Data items

__________________________________________________

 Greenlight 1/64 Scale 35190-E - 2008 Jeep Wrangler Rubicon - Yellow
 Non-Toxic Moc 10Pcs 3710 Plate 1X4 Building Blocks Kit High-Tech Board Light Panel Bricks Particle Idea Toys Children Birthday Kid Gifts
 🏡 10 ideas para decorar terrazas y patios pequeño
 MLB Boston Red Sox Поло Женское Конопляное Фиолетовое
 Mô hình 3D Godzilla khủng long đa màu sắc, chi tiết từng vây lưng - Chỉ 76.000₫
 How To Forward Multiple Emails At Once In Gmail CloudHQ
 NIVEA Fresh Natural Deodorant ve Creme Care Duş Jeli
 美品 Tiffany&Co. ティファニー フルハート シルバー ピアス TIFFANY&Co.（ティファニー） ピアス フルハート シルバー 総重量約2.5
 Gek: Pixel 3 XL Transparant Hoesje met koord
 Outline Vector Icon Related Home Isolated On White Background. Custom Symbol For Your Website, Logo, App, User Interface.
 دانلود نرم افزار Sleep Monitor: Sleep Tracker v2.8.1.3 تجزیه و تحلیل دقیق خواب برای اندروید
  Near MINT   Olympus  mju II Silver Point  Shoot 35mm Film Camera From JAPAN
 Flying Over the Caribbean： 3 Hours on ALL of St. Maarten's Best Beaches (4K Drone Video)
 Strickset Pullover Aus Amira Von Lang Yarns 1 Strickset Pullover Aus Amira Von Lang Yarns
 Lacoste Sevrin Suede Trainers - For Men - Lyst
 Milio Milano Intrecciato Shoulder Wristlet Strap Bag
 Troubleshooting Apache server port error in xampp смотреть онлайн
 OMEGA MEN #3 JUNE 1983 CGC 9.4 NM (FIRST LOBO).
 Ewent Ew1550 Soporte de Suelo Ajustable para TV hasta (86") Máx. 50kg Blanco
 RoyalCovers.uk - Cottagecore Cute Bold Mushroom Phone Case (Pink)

__________________________________________________

**Action item**
From the records above, give again exactly the lines running from the line with "Flying Over the" to the line with "Ewent Ew1550 Soporte", inclusive.

**Output for this task**
 Flying Over the Caribbean： 3 Hours on ALL of St. Maarten's Best Beaches (4K Drone Video)
 Strickset Pullover Aus Amira Von Lang Yarns 1 Strickset Pullover Aus Amira Von Lang Yarns
 Lacoste Sevrin Suede Trainers - For Men - Lyst
 Milio Milano Intrecciato Shoulder Wristlet Strap Bag
 Troubleshooting Apache server port error in xampp смотреть онлайн
 OMEGA MEN #3 JUNE 1983 CGC 9.4 NM (FIRST LOBO).
 Ewent Ew1550 Soporte de Suelo Ajustable para TV hasta (86") Máx. 50kg Blanco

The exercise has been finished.